We also use profiling to inform you about products and services provided by the bank. For example, we can select specific clients based on a group of clients that have taken out mortgages. We inform this group of clients about matters such as making their homes more sustainable and possibilities for taking out a loan to fund renovations. 

When we send you tips and offers, we try to work out what your interests are, based on various characteristics. We then look at specific aspects, such as your age category and whether you already have any other products from us. We will always first check whether you have objected to the use of personal data for marketing purposes

Automated decision-making

We may use automated decision-making if we enter into a contract with you for, say, an online loan. 

We do not make any decisions that produce legal effects concerning you or significantly affect you without the intervention of one or more competent bank employees. This also applies to situations in which the process leading to the decision is automated or profiling is used. Examples include client acceptance or the reporting of unusual transactions to the authorities.

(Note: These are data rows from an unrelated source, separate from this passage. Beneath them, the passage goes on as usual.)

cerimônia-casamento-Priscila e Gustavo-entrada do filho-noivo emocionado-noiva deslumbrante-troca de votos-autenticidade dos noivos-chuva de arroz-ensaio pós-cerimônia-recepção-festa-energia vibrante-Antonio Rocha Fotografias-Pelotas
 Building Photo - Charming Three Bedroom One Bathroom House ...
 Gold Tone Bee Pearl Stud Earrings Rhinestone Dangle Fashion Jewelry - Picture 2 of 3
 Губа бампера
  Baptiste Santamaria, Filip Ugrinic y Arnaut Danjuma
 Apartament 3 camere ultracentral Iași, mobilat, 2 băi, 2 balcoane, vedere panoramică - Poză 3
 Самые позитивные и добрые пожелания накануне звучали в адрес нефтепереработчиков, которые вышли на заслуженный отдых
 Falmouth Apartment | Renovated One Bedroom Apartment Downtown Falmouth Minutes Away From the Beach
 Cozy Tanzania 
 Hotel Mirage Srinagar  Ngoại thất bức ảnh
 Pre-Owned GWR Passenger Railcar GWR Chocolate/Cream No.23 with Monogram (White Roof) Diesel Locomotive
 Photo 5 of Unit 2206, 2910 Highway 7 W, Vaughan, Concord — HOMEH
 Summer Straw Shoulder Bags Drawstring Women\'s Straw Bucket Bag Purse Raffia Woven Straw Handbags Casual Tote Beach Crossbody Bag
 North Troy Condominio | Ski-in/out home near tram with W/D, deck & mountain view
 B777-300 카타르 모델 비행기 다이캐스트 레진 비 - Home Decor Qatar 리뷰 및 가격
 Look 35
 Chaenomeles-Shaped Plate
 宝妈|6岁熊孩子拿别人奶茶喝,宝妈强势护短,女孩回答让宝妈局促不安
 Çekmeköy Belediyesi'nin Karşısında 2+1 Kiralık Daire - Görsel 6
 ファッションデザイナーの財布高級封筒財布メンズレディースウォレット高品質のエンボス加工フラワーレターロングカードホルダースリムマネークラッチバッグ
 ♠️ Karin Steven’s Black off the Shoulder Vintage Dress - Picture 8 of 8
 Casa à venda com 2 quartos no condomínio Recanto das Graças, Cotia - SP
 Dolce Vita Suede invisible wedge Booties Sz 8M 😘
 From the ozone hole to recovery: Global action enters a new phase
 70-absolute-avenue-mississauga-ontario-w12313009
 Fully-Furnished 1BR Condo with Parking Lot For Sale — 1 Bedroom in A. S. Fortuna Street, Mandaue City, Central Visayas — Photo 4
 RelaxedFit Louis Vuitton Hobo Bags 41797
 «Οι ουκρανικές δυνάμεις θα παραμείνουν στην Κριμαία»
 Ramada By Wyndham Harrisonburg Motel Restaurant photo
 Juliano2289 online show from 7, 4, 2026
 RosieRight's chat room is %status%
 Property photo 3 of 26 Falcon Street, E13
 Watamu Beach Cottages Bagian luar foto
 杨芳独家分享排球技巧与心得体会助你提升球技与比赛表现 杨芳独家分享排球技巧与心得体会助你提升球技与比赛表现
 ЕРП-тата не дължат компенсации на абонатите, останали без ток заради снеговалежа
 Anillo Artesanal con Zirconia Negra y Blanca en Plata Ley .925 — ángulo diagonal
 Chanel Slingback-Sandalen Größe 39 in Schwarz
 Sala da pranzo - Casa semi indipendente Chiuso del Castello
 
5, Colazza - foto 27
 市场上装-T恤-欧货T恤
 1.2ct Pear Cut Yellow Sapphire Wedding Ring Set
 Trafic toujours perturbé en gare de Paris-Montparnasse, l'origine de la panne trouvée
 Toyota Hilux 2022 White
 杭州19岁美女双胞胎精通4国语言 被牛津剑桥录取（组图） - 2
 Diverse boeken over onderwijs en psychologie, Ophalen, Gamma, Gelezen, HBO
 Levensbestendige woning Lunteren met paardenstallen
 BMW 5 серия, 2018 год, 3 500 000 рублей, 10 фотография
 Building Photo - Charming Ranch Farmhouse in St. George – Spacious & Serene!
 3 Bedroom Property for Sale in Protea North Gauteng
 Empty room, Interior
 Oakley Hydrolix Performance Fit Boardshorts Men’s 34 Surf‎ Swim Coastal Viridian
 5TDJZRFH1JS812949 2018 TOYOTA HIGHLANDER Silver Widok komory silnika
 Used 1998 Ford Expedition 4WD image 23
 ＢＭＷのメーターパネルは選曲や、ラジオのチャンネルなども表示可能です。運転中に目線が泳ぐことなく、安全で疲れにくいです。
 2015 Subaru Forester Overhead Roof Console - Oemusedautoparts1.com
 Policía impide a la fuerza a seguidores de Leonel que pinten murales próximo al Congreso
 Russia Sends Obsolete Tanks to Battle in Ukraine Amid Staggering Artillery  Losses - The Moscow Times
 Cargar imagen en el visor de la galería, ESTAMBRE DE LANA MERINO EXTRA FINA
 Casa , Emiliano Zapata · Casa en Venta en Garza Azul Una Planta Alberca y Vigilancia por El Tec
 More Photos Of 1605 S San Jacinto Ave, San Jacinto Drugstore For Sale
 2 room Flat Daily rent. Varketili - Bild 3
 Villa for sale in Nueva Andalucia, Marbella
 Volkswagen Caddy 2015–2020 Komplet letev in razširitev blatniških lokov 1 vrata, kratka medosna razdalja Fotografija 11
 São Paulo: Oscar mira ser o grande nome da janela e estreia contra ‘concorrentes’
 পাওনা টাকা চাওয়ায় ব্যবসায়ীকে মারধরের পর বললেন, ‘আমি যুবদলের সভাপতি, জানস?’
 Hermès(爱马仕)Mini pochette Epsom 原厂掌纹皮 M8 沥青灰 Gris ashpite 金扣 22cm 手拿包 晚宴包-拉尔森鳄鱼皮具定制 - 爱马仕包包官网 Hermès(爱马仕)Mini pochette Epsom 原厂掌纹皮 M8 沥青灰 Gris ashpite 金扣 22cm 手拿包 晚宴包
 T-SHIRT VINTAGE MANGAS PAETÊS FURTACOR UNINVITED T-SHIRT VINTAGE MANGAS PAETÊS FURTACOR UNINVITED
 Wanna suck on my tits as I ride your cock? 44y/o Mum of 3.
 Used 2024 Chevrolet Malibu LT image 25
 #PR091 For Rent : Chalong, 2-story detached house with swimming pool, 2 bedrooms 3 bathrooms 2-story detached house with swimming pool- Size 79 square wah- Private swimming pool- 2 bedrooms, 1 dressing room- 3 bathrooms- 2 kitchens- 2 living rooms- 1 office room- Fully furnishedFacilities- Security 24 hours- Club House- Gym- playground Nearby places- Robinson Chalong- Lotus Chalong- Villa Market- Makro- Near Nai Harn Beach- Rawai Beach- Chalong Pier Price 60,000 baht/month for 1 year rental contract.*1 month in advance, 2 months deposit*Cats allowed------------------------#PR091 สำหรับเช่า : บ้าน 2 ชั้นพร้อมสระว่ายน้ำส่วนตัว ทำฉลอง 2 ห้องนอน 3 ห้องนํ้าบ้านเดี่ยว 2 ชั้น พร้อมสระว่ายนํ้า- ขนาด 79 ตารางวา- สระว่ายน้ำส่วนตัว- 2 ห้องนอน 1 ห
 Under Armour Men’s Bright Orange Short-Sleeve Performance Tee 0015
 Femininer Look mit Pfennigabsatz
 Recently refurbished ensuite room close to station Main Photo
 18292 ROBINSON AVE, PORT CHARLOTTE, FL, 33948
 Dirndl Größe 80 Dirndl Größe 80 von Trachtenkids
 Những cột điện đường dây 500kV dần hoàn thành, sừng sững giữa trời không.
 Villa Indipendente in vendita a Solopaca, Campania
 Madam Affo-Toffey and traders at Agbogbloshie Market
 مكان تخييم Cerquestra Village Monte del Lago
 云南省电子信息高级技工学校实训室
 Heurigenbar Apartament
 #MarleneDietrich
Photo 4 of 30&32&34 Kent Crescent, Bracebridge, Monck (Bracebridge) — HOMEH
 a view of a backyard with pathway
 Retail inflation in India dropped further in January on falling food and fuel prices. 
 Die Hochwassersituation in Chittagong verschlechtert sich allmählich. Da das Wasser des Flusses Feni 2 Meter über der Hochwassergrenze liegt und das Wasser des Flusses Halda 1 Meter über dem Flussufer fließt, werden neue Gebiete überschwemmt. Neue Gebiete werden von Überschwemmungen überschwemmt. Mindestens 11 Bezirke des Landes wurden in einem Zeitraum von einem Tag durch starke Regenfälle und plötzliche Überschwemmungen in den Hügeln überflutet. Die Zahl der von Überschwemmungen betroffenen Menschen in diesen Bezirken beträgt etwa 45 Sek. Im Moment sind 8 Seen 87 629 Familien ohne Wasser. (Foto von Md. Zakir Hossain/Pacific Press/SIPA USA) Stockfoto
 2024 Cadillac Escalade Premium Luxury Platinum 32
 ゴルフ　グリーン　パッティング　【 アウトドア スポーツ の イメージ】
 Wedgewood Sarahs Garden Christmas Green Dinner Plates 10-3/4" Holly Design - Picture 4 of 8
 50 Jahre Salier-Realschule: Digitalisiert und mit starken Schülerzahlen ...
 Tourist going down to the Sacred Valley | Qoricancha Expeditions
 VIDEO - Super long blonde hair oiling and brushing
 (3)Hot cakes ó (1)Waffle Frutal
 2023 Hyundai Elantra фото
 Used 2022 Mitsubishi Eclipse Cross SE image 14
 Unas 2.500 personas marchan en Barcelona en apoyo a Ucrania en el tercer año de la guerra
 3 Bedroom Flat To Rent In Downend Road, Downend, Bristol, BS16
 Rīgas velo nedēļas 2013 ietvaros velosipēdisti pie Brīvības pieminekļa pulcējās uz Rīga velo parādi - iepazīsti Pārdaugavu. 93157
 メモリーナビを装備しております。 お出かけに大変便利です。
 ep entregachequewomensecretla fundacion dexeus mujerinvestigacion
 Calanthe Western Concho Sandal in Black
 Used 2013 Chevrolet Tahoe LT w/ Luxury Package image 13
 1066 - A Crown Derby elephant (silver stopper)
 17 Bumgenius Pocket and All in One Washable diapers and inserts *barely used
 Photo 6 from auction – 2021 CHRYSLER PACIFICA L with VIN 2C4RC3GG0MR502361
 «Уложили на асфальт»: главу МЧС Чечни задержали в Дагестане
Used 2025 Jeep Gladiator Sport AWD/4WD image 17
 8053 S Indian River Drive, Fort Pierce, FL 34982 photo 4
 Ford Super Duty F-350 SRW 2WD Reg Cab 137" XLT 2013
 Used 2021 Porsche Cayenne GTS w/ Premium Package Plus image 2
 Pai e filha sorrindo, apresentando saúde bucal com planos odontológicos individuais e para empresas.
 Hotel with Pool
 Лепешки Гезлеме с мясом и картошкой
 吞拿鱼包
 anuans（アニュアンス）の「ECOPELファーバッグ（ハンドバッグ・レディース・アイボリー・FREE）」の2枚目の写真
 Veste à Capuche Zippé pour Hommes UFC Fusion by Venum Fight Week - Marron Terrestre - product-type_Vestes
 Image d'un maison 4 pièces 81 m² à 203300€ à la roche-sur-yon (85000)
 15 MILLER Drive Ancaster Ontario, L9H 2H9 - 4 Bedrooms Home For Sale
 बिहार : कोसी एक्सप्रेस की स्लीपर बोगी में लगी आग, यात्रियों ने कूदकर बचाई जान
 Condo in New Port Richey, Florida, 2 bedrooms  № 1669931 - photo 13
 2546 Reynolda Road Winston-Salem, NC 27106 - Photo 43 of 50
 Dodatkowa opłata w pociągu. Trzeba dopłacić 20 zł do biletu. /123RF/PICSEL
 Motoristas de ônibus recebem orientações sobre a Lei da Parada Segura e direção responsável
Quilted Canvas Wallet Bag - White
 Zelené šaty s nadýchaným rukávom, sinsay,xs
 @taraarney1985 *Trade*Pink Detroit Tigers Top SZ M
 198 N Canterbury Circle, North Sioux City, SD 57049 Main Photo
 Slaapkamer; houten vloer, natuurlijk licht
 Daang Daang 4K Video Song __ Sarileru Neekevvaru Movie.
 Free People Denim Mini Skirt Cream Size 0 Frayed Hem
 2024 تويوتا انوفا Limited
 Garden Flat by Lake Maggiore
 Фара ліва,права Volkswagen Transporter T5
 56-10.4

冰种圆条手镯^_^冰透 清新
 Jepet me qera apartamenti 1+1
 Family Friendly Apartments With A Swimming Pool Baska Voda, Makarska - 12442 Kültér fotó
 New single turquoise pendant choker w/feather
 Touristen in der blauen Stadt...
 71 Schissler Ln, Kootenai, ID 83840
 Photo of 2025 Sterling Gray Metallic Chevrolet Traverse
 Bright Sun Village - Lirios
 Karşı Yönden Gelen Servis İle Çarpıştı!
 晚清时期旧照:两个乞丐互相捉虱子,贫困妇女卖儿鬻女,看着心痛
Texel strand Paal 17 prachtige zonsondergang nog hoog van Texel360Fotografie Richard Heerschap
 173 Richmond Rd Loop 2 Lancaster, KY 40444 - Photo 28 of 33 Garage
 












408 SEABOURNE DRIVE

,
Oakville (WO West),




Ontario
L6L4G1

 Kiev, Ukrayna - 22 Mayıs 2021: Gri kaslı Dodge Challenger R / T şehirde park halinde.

There are situations in which we use automated decision-making without any human intervention. This is permitted by law. 

These situations may, among other things, concern decisions not to execute transactions, such as iDEAL transactions, because they might be fraudulent. These decisions may be taken on the basis of a fully automated process without any human intervention. 

If we want to use automated decision-making that produces legal effects concerning you or significantly affects you, we will make this clear to you beforehand. We will inform you of your rights, such as your right to obtain an explanation of the decision reached by automated means, your right to express your point of view, your right to challenge the decision and your right to obtain human intervention.